John and Cindy visit Asian Elvis, who demands they give him the mask. Another hitman, "The Indian", tomahawks Asian Elvis dead. They escape and head back to Elvis Elvis's, only to be confronted by Little Person Elvis, who demands the mask. Before he can shoot them, The Blonde appears and kills Little Person Elvis. John and Cindy escape, but The Sheriffs apprehend him for the three Elvis murders. They take John and Cindy with them to the desert, John having deduced that Elvis Elvis may be waiting there for a bus.

Elvis Elvis is the only passenger on the bus, the driver having stepped off, when The Blonde boards and shoots him. As he is dying he whispers something to her and she smiles broadly, taking his satchel with the mask. The Blonde finds the bus driver and kills him after he confirms he notified both The Rancher and The Chief.

John, Cindy, and The Sheriffs arrive later. The Blonde has left a message to bring the money and John to Station 12 – the isolated desert way station where the Apaches had killed the family. As they're leaving, The Cowboy and Mo show up. The Cowboy kills The Sheriffs, but The Indian appears and tomahawks The Cowboy and Mo. The Chief arrives, and the group head to Station 12 with his $1,000,000 briefcase.

They arrive just as The Rancher does, with his $1,000,000 briefcase. Cindy reveals that she is The Rancher's daughter and was following John in case he found the mask. When The Blonde emerges from the station, The Indian attacks, but she kills him. She tells the rest to send John in with the briefcases, or everyone will die.

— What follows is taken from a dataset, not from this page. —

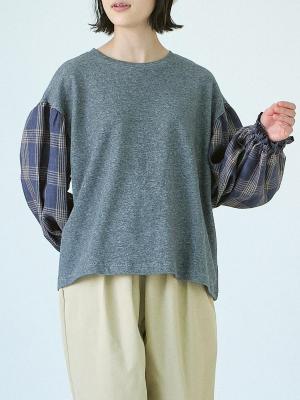 チェック袖異素材プルオーバー 綿麻先染め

When John enters the station, he and The Blonde embrace. The family that was killed in the flashback was John's. They had a Hopi housekeeper who hid John in the floorboards of the station and told the Apaches that he was dead. The Blonde is John's ex-girlfriend, who stuck around to help John get revenge for his family.

John and The Blonde tell The Rancher and The Chief why they are doing this. Also, she tells them that Elvis Elvis's dying words were that he destroyed the mask when he realized he wouldn't be able to sell it. She tells them she will return and kill anyone who retaliates. She leaves, with a briefcase and the hooker who stole John's wallet – she is actually the doctor that The Blonde left him for.

John leaves with his briefcase and the mask, which wasn't really destroyed. John returns it to his Hopi protector from 30 years earlier, finishing the job his father had started – returning the mask to her tribe, the rightful owners.

==Production==
The film was first announced on June 17, 2010. Some of the filming occurred in Utah. On July 8, 2010, Megan Park was confirmed to have joined the cast.

On July 13, 2010, it was confirmed that Chris Kattan and Helena Mattsson had joined that cast. On July 14, 2010, Jeff Fahey was announced to have joined the cast.

Principal photography began on July 6, 2010.

The film is not rated. However, on Dish TV, it is rated NC-17.

==Release==

The film was released on DVD in North America on January 8, 2013.